**** Extracted data

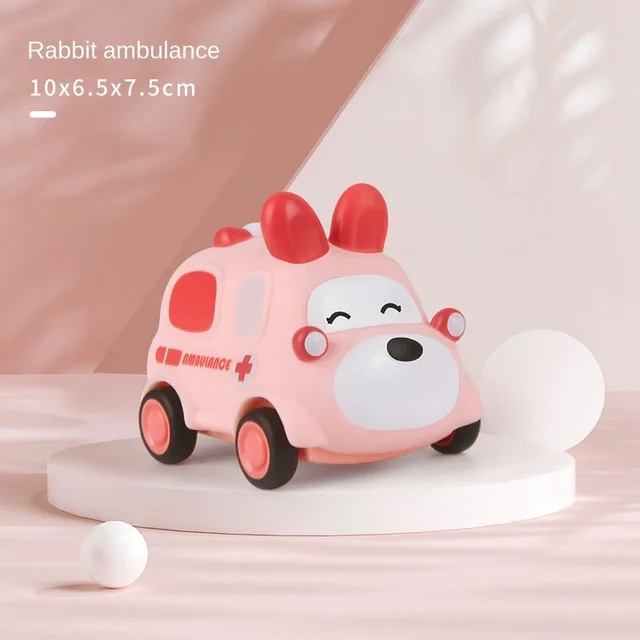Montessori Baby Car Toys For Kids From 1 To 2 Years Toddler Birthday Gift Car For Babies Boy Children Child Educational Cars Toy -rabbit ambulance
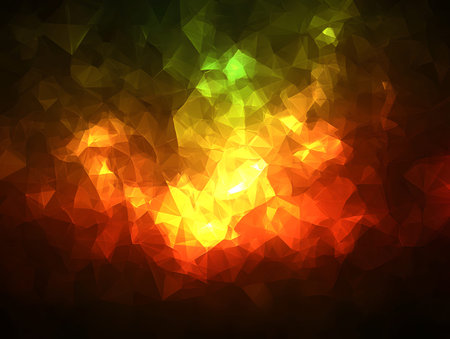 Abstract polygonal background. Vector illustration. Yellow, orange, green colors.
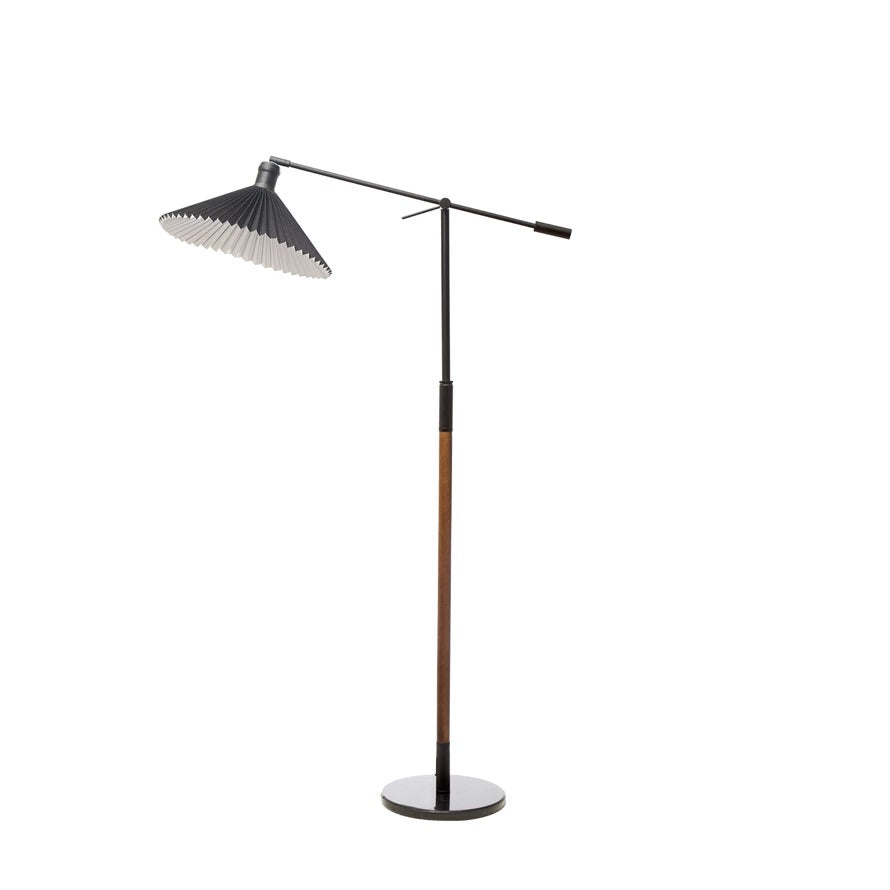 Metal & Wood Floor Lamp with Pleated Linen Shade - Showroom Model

********
**** Extracted data

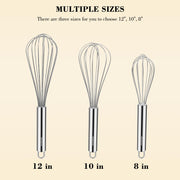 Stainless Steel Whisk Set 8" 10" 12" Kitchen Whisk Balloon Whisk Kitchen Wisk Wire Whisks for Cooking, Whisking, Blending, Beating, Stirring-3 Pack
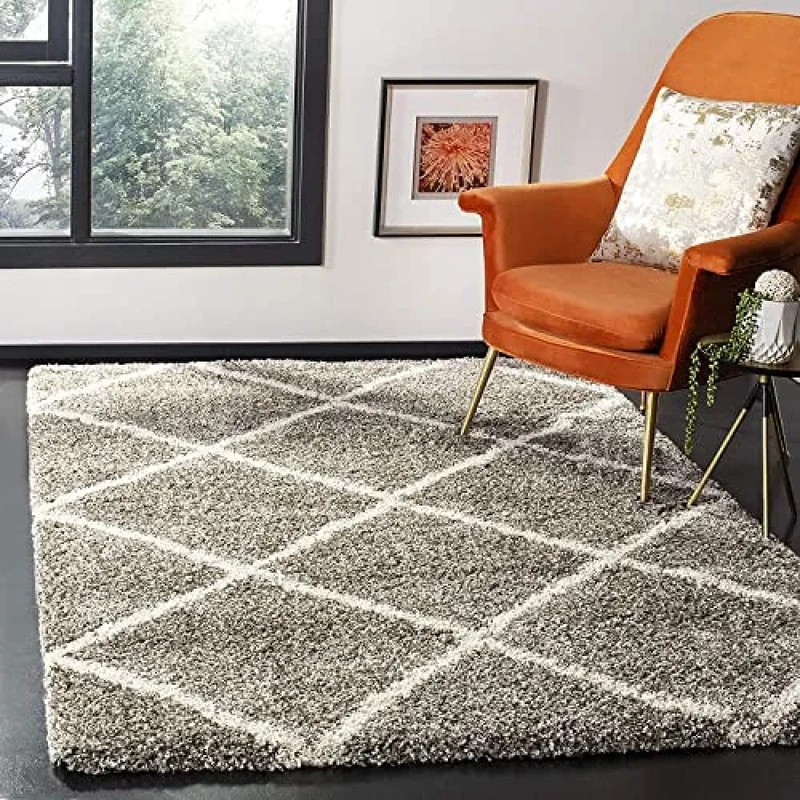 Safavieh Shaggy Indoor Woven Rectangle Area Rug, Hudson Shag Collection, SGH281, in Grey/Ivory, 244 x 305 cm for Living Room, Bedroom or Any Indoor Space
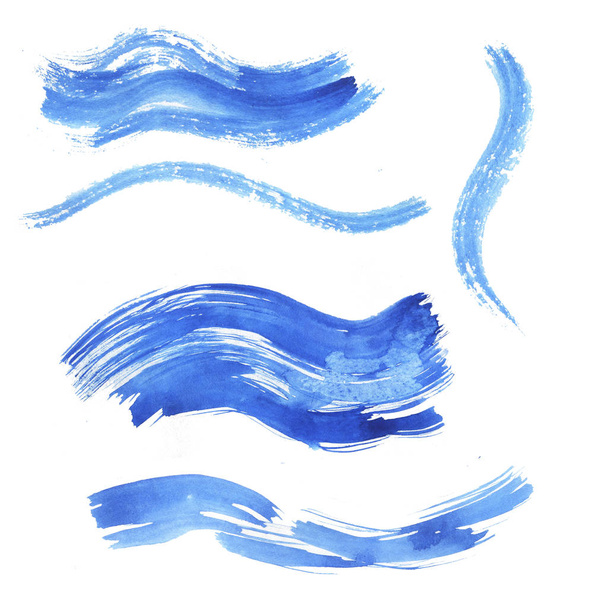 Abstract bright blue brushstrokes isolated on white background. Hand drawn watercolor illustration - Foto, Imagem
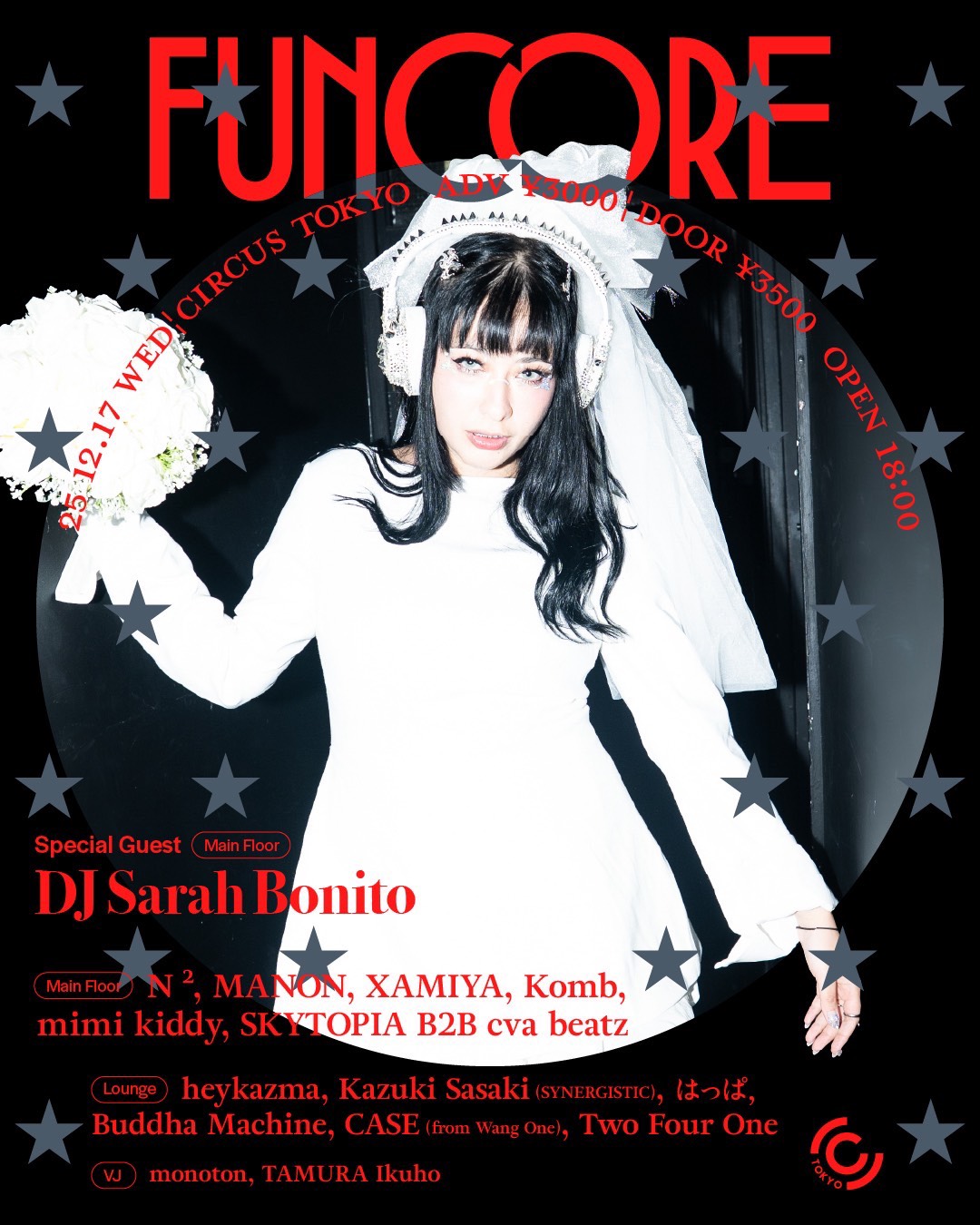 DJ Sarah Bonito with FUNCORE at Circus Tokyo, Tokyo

********
**** Extracted data

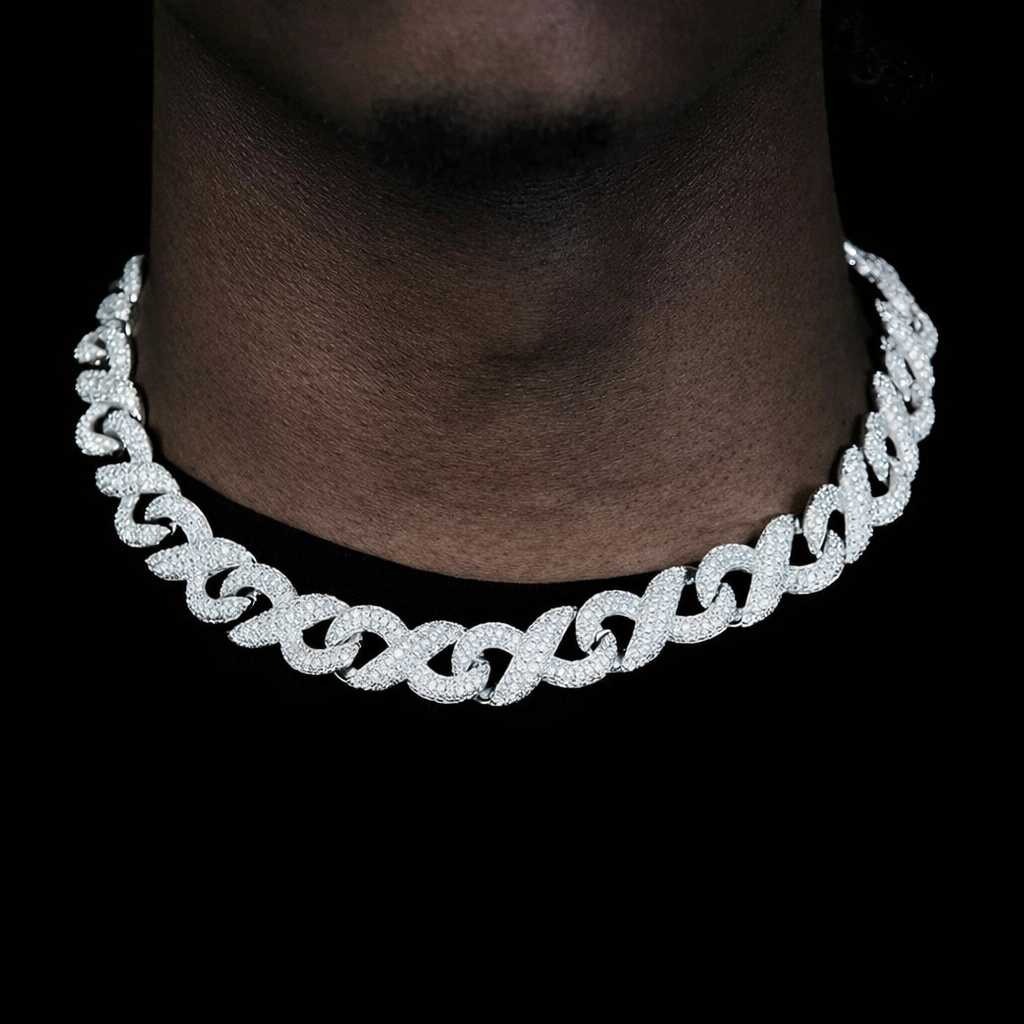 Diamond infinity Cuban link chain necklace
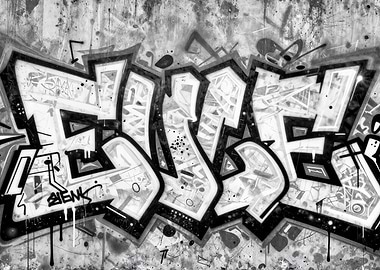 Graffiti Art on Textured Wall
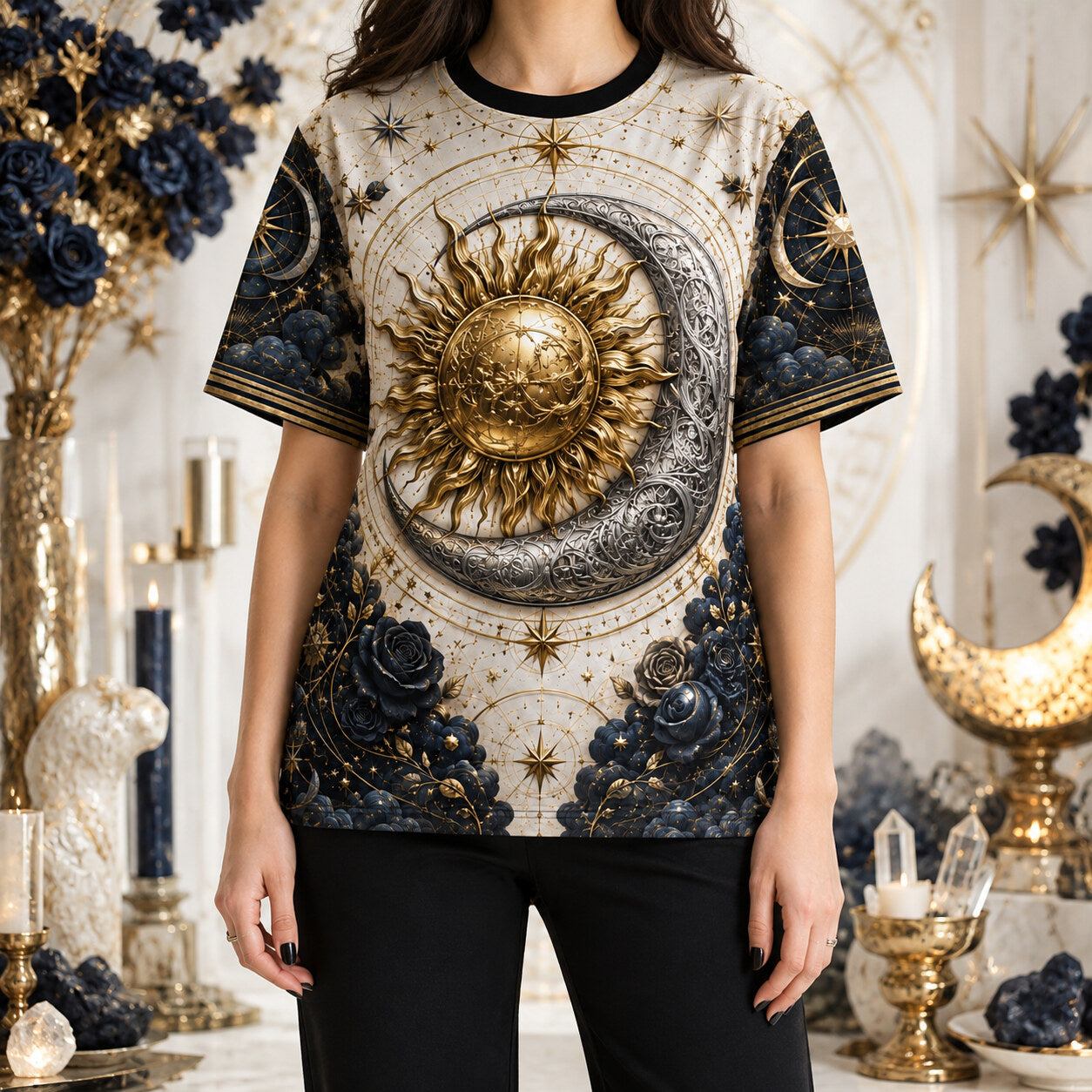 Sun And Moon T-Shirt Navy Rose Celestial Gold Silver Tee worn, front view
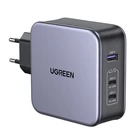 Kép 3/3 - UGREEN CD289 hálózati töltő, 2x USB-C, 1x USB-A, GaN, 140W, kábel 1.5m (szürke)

********

* _What to produce_: Pictures in the entries do not go into the copy. Print only the lines starting at the one containing "Diamond infinity Cuban link chain necklace" and ending at the one containing "Kép 3/3 - UGREEN", exactly as they appear.

* _Finished task_:
 Diamond infinity Cuban link chain necklace
 Graffiti Art on Textured Wall
 Sun And Moon T-Shirt Navy Rose Celestial Gold Silver Tee worn, front view
 Kép 3/3 - UGREEN CD289 hálózati töltő, 2x USB-C, 1x USB-A, GaN, 140W, kábel 1.5m (szürke)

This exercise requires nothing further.